[Dataset records]
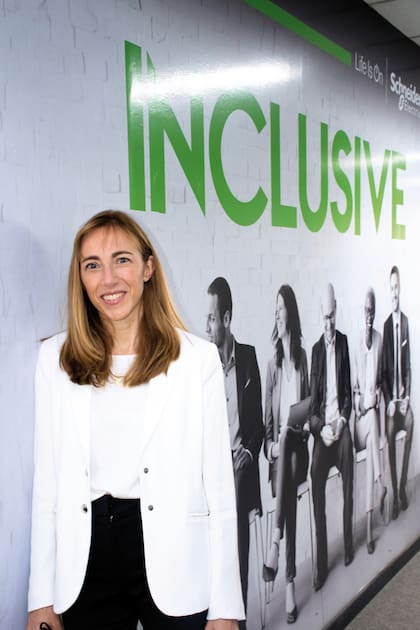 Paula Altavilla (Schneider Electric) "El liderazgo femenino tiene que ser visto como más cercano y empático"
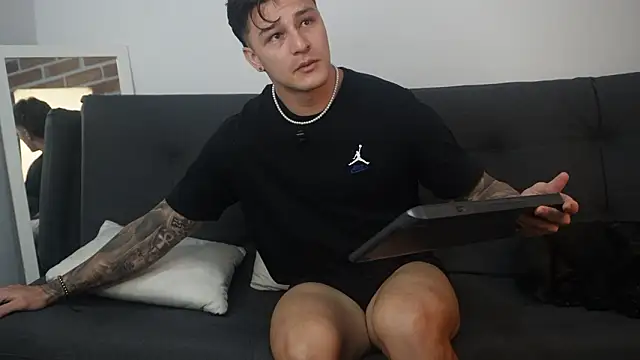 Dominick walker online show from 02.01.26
[/Dataset records]
[Dataset records]
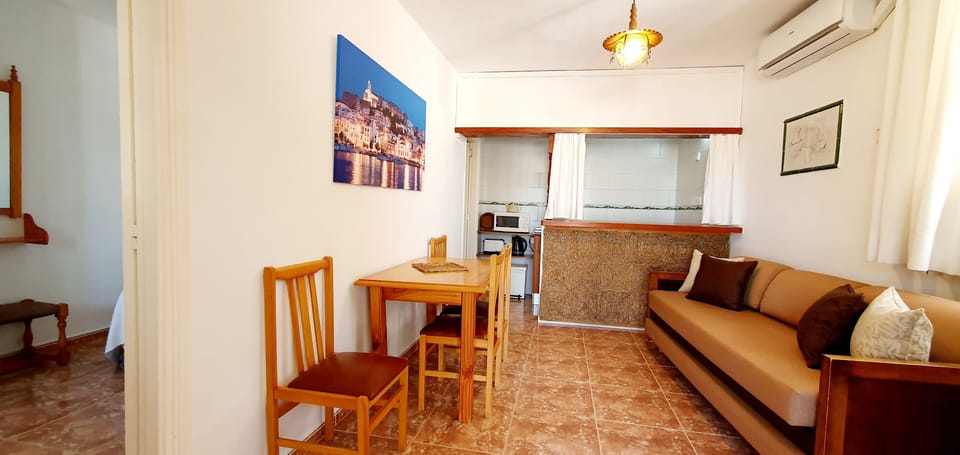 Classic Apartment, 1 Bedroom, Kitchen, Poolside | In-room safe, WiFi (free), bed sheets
[/Dataset records]
- Activity
Each line above that falls between the line with "Paula Altavilla (Schneider" and the line with "Dominick walker online show from 02.01.26" should be printed exactly, together with those two lines, but the pictures should not.

- Exercise answer
 Paula Altavilla (Schneider Electric) "El liderazgo femenino tiene que ser visto como más cercano y empático"
 Dominick walker online show from 02.01.26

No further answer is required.